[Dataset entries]
══════
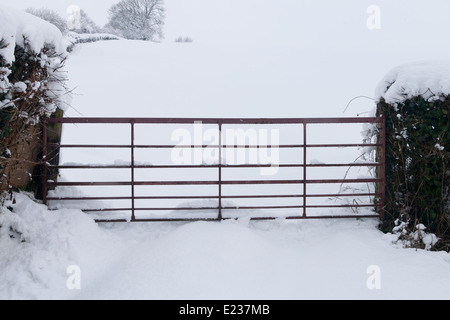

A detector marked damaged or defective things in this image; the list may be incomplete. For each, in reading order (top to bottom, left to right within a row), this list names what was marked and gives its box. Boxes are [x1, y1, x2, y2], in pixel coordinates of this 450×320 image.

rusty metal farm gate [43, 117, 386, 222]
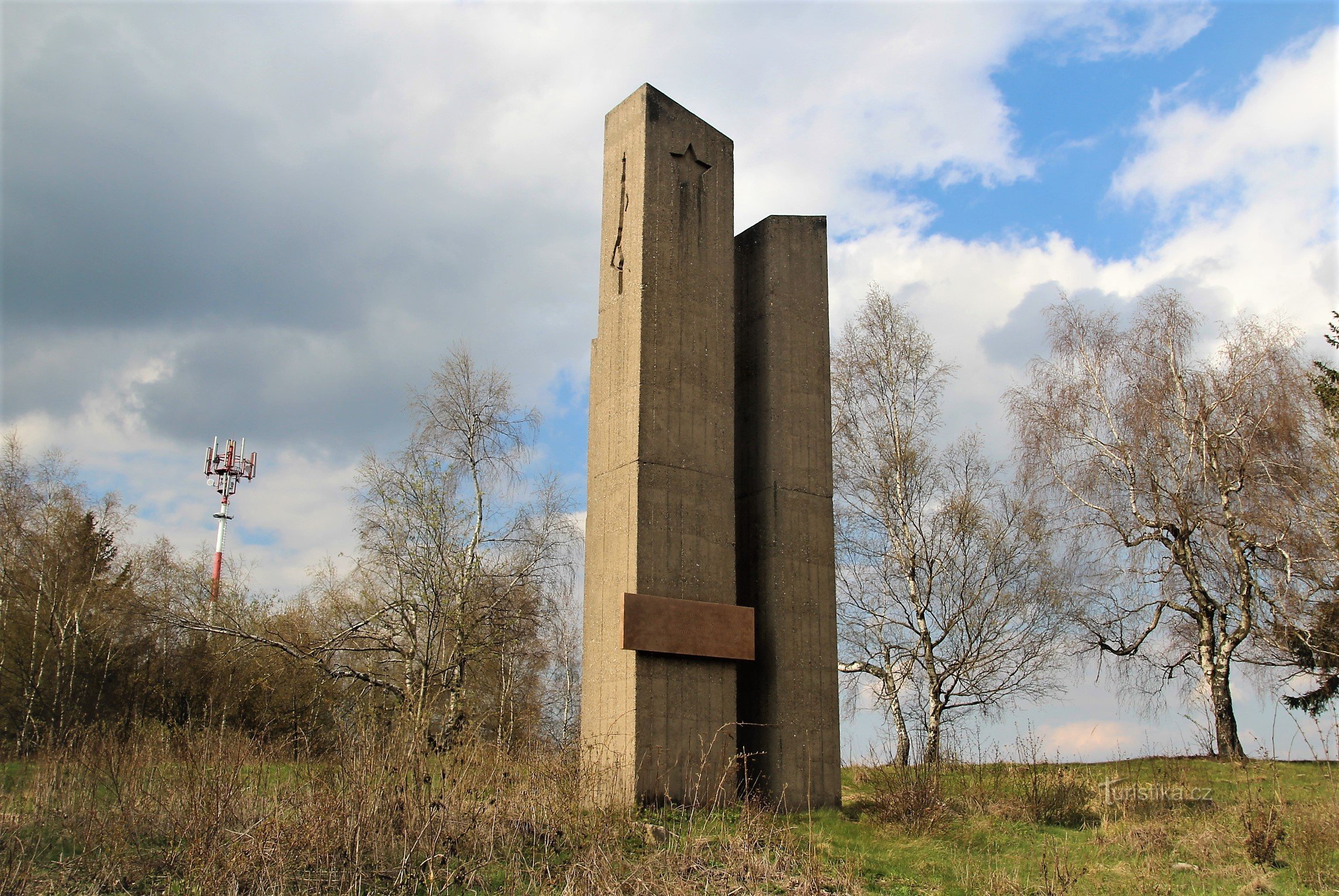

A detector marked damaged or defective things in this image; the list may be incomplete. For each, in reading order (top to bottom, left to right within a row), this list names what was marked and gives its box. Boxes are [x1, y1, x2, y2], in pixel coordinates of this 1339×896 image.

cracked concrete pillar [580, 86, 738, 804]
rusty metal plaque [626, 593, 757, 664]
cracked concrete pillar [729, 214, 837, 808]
══════
Your answer must be the line that contains "this 1339×896 image." and every line after it to the end of the records, reproduced exactly.

A detector marked damaged or defective things in this image; the list may be incomplete. For each, in reading order (top to bottom, left to right within a row), this list names what was marked and gives its box. Boxes are [x1, y1, x2, y2], in pixel coordinates of this 1339×896 image.

cracked concrete pillar [580, 86, 738, 804]
rusty metal plaque [626, 593, 757, 664]
cracked concrete pillar [729, 214, 837, 808]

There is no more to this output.